Fig. 1(a) The fraction of individuals at low risk of infection (AC ≥ 5 μg/ml; light grey), low risk of invasive disease (1 μg/ml ≤ AC < 5 μg/ml; dark grey); and high risk of invasive disease (AC < 1 μg/ml; black). (b) The corresponding average ages of individuals identified as healthy Non-Aboriginal (NAb-H); Non-Aboriginal with chronic renal failure (NAb-CRF); healthy Aboriginals (Ab-H); and Aboriginals with chronic renal failure (Ab-CRF). (AC: total IgG and IgM antibody concentration).

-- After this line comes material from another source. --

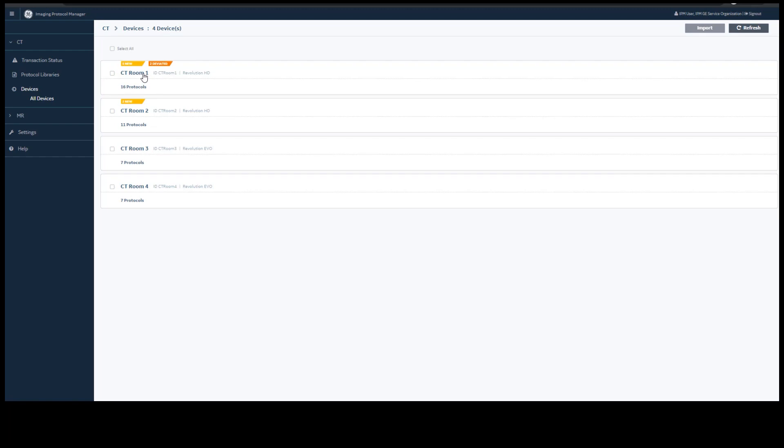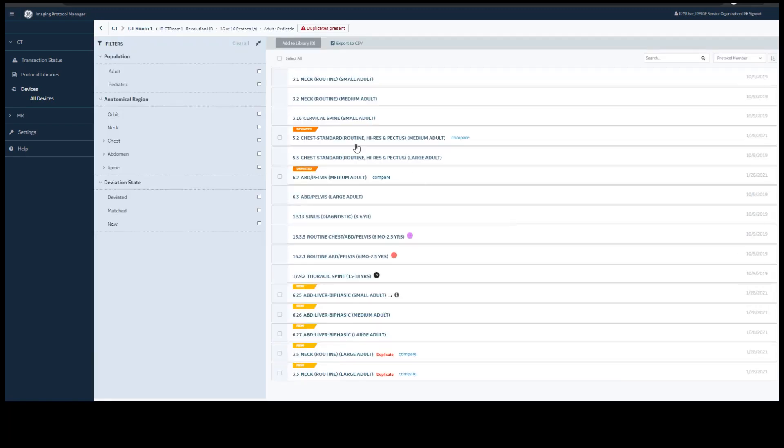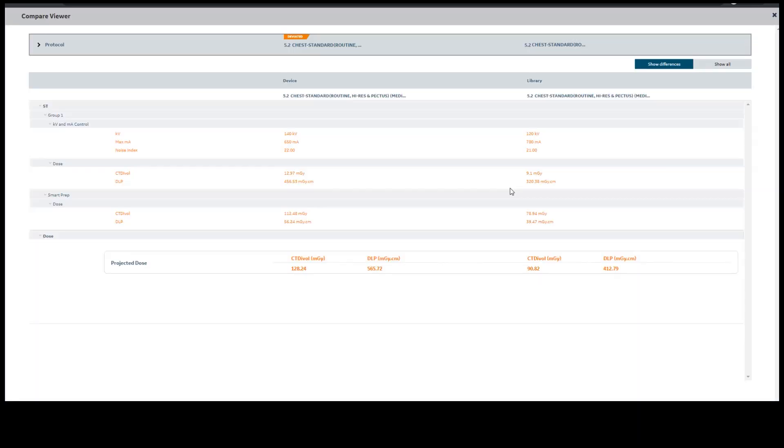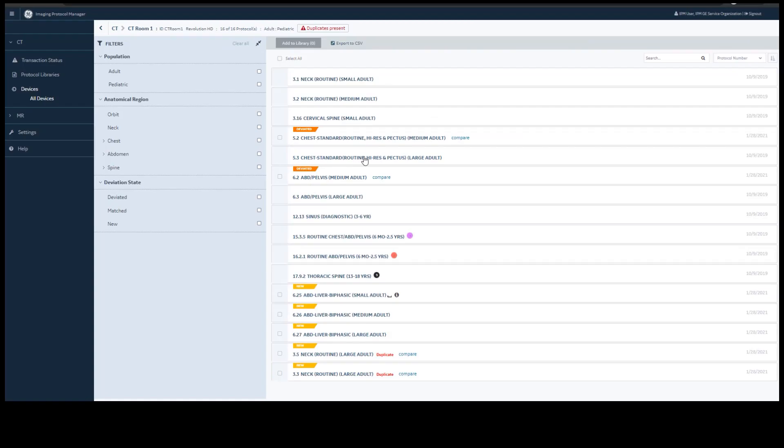Looking into CT Room 1, you can see all protocols that are on your device. You can use the Compare function to look at those deviations or differences from your standard protocol. You can see your device protocol and your library protocol.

Fig. 2The median GMC antibody levels with their predictive 95% confidence intervals over a 10-year time period following priming, without (a and b) and with a new natural exposure (c and d). The risk of carriage is shown in grey area. Black and red curves correspond to healthy and CRF subjects, respectively. For Aboriginals (panel c), new natural exposure occurred once in 5 years for healthy individuals (black curve) and once in 2 years for individuals with CRF condition (red curve). For non-Aboriginals (panel d), new exposure occurred once in 2 years for healthy individuals (black curve) and once every year for individuals with CRF condition (red curve).